Recently, deep learning-based methods are increasingly getting attention in anomaly detection, e.g. (¹³, ¹⁴, ¹⁵, ¹⁶, ¹⁷, ¹⁸, and ¹⁹). A review of deep learning methods for anomaly detection is given in ²⁰. In ¹³ an LSTM network-based encoder-decoder scheme for anomaly detection in univariate time series datasets was proposed. It learns to reconstruct normal time series data and uses reconstruction error to detect anomalies.

⁸ Build an encoder composed of deep convolutional neural network and Restricted Boltzman Machine to extract features from videos. The extracted features are fed into an LSTM based prediction system to predict the next video frame in the learned feature space. Then, the difference between the prediction and actual observation in the feature space is used to detect anomalies. A semi-supervised deep auto encoder is used in ²¹ for outlier detection in multivariate clinical observation data from Electronic Health Records (EHR).

¹⁹ Proposed a spatiotemporal architecture to detect anomalies in videos. The framework contains a spatial feature extractor and temporal encoder-decoder component. The spatial encoder component comprises two convolutional and two de-convolutional layers. They use a three-layer convolutional long short-term memory (LSTM) network as temporal encoder-decoder component.

Another anomaly detection in videos is in ¹⁷. They use a deep spatio-temporal 3D convolutional auto encoder schema to detect falls in videos. The fall detection problem is formulated as a one class classification problem. A semi-supervised learning approach is used for learning. Furthermore, [22, 23]^{22, 23} developed a Spatio-Temporal Auto-Encoder (STAE) to jointly exploit spatial and temporal evolution patterns for representation learning in video sequences.

A deep learning based unsupervised anomaly detection approach DeepAnT for time series data was presented in ¹⁶. It is based on 1D deep convolutional neural network to predict univariate time series data. A prediction-based approach where a window of time series is used as a context and the next time stamp is predicted. The anomaly detector module uses the prediction error and a pre-defined threshold value to tag each data point as normal or abnormal.

In ²⁴ a graph-based neural network and an LSTM are applied to deal with spatial and temporal information in multivariate time series.

In this paper, we focus on the problem of spatial and temporal event detection using deep learning. Two method for an unsupervised anomaly detection in multivariate spatio-temporal data are proposed. The first framework is composed of a Long Short Term Memory (LSTM) Encoder followed by an LSTM decoder and a LSTM predictor for temporal anomaly detection. In a further step, a Deep Neural Network (DNN) based classifier is used to classify the encoded and trained latent representation to their spatial corresponding to form a temporal and spatial anomaly detector.

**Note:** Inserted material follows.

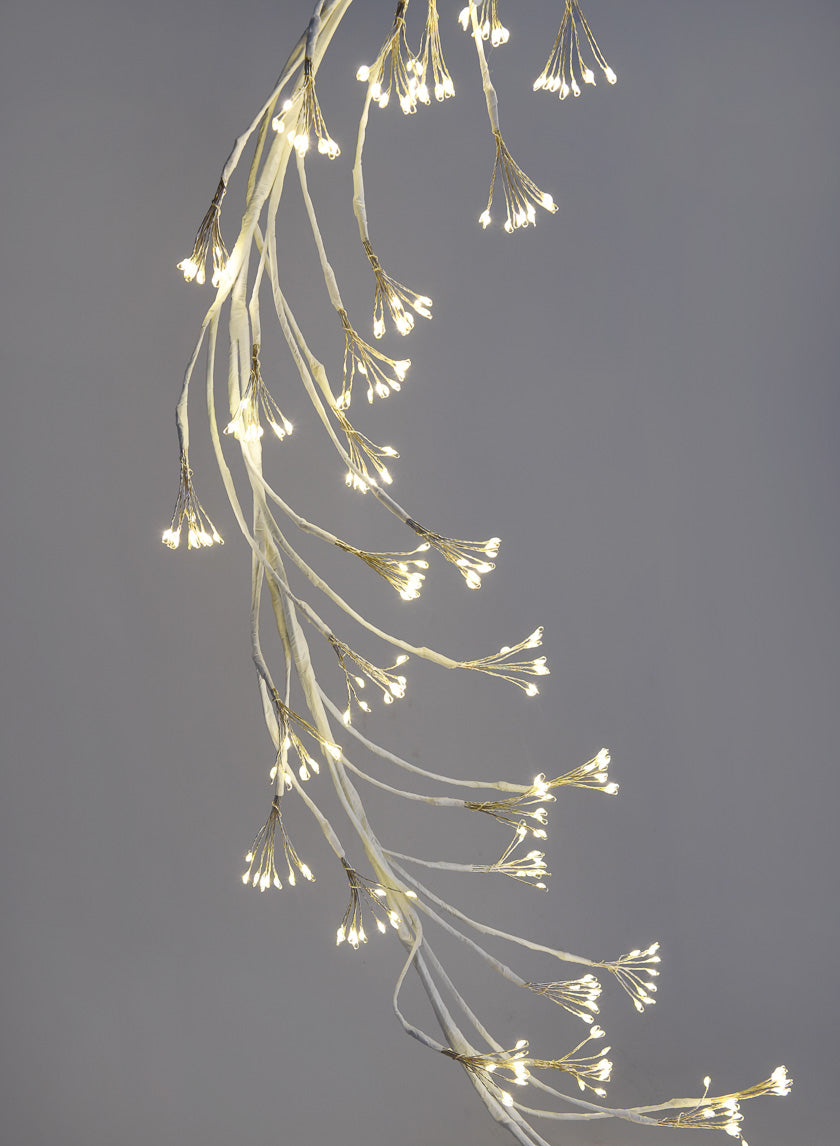 6ft Long 480 Micro-Lights White Garland Decor Jamali-garden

The LSTM predictor expands the reconstruction error of abnormalities, making it easier to distinguish abnormal events. At the same time, the reconstruction model based on the decoder enhances the ability to predict future time steps from regular events, which ensures robustness to noise. The second framework is based on a CNN encoder and a LSTM decoder to capture both spatial and temporal features. The encoder component can use either 3D convolutions or Multichannel CNN to capture complex spatial dependencies in each spatial neighborhood. The 3D tensor input for the encoder is formed by stacking the data from the nearest spatial neighbors of each data point. In both methods, a two-step approach is followed for anomaly detection. In a first step, the LSTM is employed to learn the normal time series patterns and to predict future values. This is followed by the anomaly detection in the second step, which is performed by computing anomaly scores from the prediction errors. Our goal is to identify if an event has occurred and characterize the event by pinpointing the affected subgroup of the data (e.g. spatial area, time duration).

The major contributions of this work include:

• Unsupervised anomaly detection which is designed specifically for non-image multivariate spatio-temporal data.

• A novel way of pre-processing the non-image multivariate spatio-temporal data by using the nearest spatial neighborhood, and

• Modification of the ST-DBSCAN method for multivariate non-spatial attributes.

2. Materials and Methods

2.1. Dataset

In this study, data collected from a regional groundwater quality monitoring network was used. The monitoring network consists of 162 observation wells as depicted in the monitoring network consists of 162 observation wells. The dataset covers a time period of 8 years from October, 2010 to February, 2019. However, the data had many missing features and values. So, only features with sufficient data history were selected. For each observation well, were temporal and spatial context attributes represented by the timestamp and geological position (latitude and longitude as well as the measuring depth), respectively. Besides that, the dataset contains ten groundwater quality records, each consisting of the features (sensor) values, observation well id in which the measurements were taken. Contextual attributes include date, well_id, latitude, and longitude. In this study, latitude, longitude information are ignored and only the well information is used as spatial context variable. The sensors at each node included Nitrate, Calcium, Magnesium, Groundwater level, Redox potential, Sulphate, Temperature, Electro conductivity (EC) and pH

2.1. Methods

The goal is to detect any emerging events (e.g. nitrate spill), pinpoint the affected spatial area, and characterize the type of event. Rather than monitoring individual locations, we examine groups of locations and time periods. The procedure for anomaly detection follows in three steps. Data is collected from all heterogeneous sensors and preprocessed to generate feature values. Hereby, the sliding window technique is applied to build the multivariate spatial-temporal input data for the framework. By using the multistep overlapping subsequences from m-nearest spatial neighborhood of each data point, we build a 3-dimensional data matrix, which can represent the spatial and temporal dependency within the dataset. The important parameters of this algorithm are window size T and step size s. They should be chosen carefully based on the underlying dynamics of the dataset and the goal of anomaly detection problem. The length of each sub-sequence is equal to the window size. Using sliding window technique, for a long sequence with length L, the number of extracted subsequences can be given as: num.of subseq.= (L−T+1)/s, which gives the maximum number of subsequences we can possibly extract for a given T and s.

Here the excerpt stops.